Le Conseil européen de décembre ne doit pas se limiter à répéter des slogans, il doit prendre des décisions concrètes. Le Parlement européen souhaite le voir fournir des orientations politiques et stratégiques en matière de renforcement des capacités de défense conformes à l'engagement des États membres ; jeter les bases d'une planification véritablement collective ; accélérer la mise en oeuvre des traités existants et apporter un soutien politique aux projets pilotes de l'AED – ravitaillement en vol, communication par satellites, drones, cyberdéfense et espace aérien commun européen. Nous appelons de nos voeux la création d'un mécanisme de contrôle, assorti d'une feuille de route et de critères d'évaluation concrets, afin de suivre régulièrement les progrès accomplis. Il serait également important de créer un conseil des ministres de la Défense. Le Conseil de décembre doit devenir le point de départ d'un processus de révision régulière des questions de sécurité et de défense.

Enfin – dernier axe du rapport –, le Parlement soutient pleinement les efforts de la Commission visant à renforcer la base industrielle de la défense et le marché de la sécurité pour élaborer une réelle politique industrielle dans ces secteurs. Parvenir, en temps de crise, à renforcer et à unifier l'industrie européenne de défense exige de travailler à la standardisation et à la certification des produits, conditions d'une meilleure interopérabilité des forces armées. Il est également nécessaire de soutenir la demande, surtout pendant cette période difficile. Il faut enfin assurer l'avenir des grandes, petites et moyennes entreprises du secteur, qui représentent des milliers d'emplois impossibles à délocaliser. La coopération des entreprises de défense et l'intégration du marché doivent aller de pair avec un dialogue social actif ; le recours aux instruments financiers communs tels que le Fonds social européen et le Fonds européen d'ajustement à la mondialisation devrait permettre d'atténuer les éventuelles conséquences négatives de ces processus.

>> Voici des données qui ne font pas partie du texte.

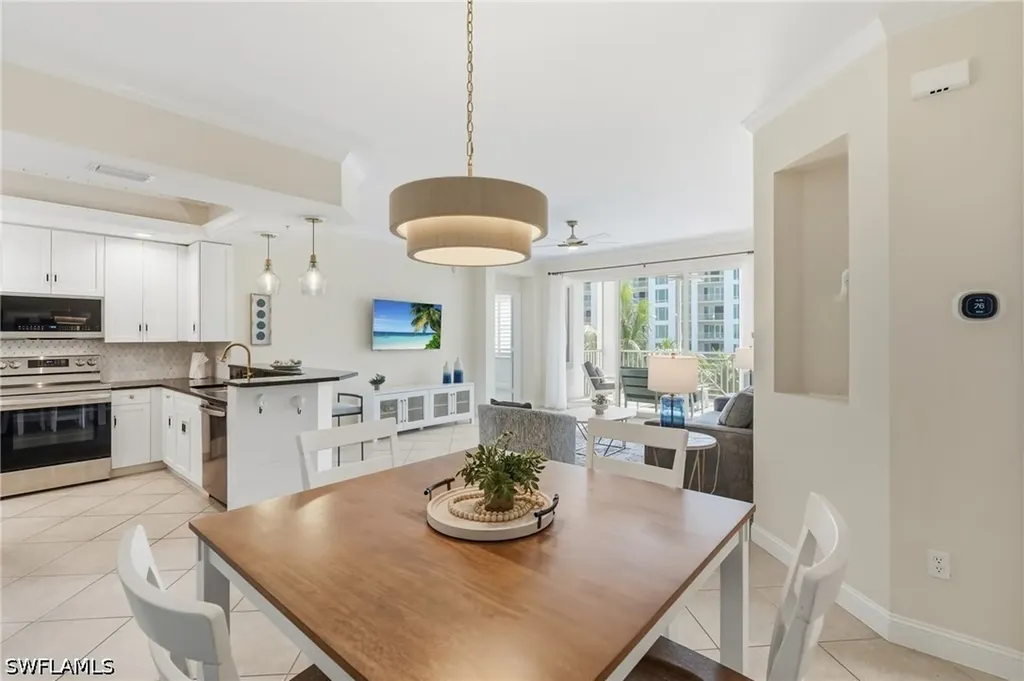 Bonita Springs FL, 3901 Kens Way, Unit 3407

Sécurité intérieure et sécurité extérieure sont intimement liées : seul un environnement de paix et de stabilité peut préserver le modèle politique, économique et social européen. Pour y parvenir, nous devons coopérer davantage, développer nos capacités et construire la confiance nécessaire. Cette discussion ne doit pas devenir un exercice à huis clos ; au contraire, nous devons élaborer un nouveau récit porteur de sens pour les citoyens européens. Parce qu'il est urgent de décider si l'on a besoin d'une défense européenne, la grande majorité des groupes politiques du Parlement européen est convaincue qu'en décembre 2013, les États membres intéressés, le Parlement et la Commission doivent délivrer un message fort. Je suis persuadée que le développement de la PSDC peut apporter une contribution substantielle à la création d'une identité européenne. Essayons de faire de ce Conseil le début – et non la fin – d'un chemin.

Les conclusions du Conseil des affaires étrangères – dix-sept pages – donnent de l'espoir, affichant la volonté d'élaborer une feuille de route pour la discussion sur la défense et la sécurité européennes. Elles laissent toutefois de côté plusieurs grandes questions, telles que celles de l'état-major européen ou de la mise en application du traité de Lisbonne. Malheureusement, le manque de confiance et les égoïsmes nationaux continuent à peser sur l'avenir de la PSDC, et finalement sur la construction européenne elle-même.